Current location - Loan Platform Complete Network - Big data management - The difference between the three modes of operation of big data hadoop, and the detailed configuration of the explanation
The difference between the three modes of operation of big data hadoop, and the detailed configuration of the explanation

Based on Hadoop development, sometimes Hadoop's mode of operation will be confused, silly distinction between the various modes of operation, to the daily development of a lot of confusion, different clusters of configuration files are also different. To understand the mode of operation of Hadoop and the role of the configuration file to do in mind, in order to work in the hands of smooth.

hadoop configuration files are configured as XML files, and there are four most common configuration files:

core-site.xml file is mainly used to configure common attributes.

The hdfs-site.xml file is used to configure Hdfs properties.

mapred-site.xml file is used to configure Mapreduce properties.

The yarn-site.xml file is used to configure the properties of Yarn.

Generally, all four configuration files are stored in the etc/hadoop subdirectory of the default hadoop installation directory. However, we can also copy the etc/hadoop directory and the files under it to another location, depending on the actual requirements when building the cluster. This separates the configuration files from the installation files and makes them easier to manage.

Note: If you copy the etc/hadoop directory and the files under it to another location.

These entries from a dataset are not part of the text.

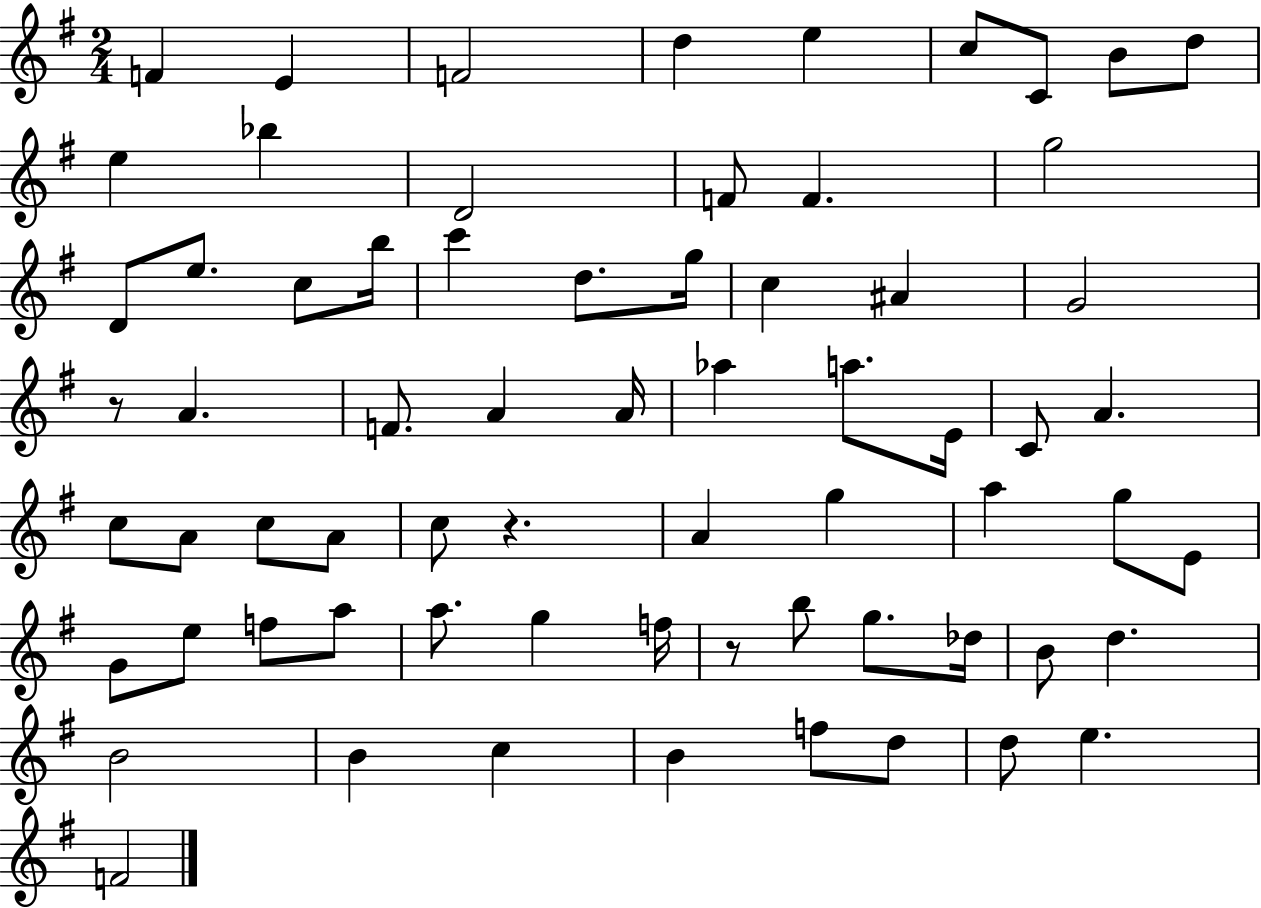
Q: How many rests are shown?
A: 3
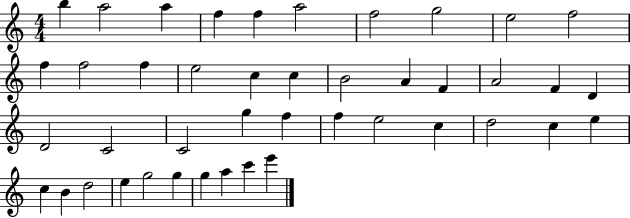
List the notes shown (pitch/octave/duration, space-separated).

B5/q A5/h A5/q F5/q F5/q A5/h F5/h G5/h E5/h F5/h F5/q F5/h F5/q E5/h C5/q C5/q B4/h A4/q F4/q A4/h F4/q D4/q D4/h C4/h C4/h G5/q F5/q F5/q E5/h C5/q D5/h C5/q E5/q C5/q B4/q D5/h E5/q G5/h G5/q G5/q A5/q C6/q E6/q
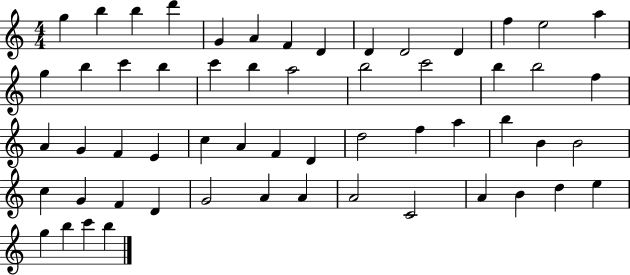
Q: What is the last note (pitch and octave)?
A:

We need to set hadoop_conf_dir in the environment variable to point to the new directory.

1. Native mode

No daemon is required, all programs run on the same JVM. Debugging MR programs in local mode is very efficient and convenient, and it is usually used for debugging during the learning or development phase.

2. Pseudo-distributed mode

The Hadoop daemon runs on the local machine, simulating a small-scale cluster, in other words, you can configure a Hadoop cluster on a single machine, and pseudo-distributed is a special case of fully distributed.

3. Fully distributed mode

The Hadoop daemon runs on a cluster. This mode of operation is also known as the various clouds we commonly see, and is mainly used in large-scale production environments.

Note: Distributed to start the daemon , means that when using distributed hadoop, you have to start some preparatory program processes before you can use it. For example, start-dfs.sh start-yarn.sh, while local mode does not need to start these daemons.

Note: In local mode, the local file system and the local MapReduce runner will be used. In distributed mode, the HDFS and YARN daemons will be started.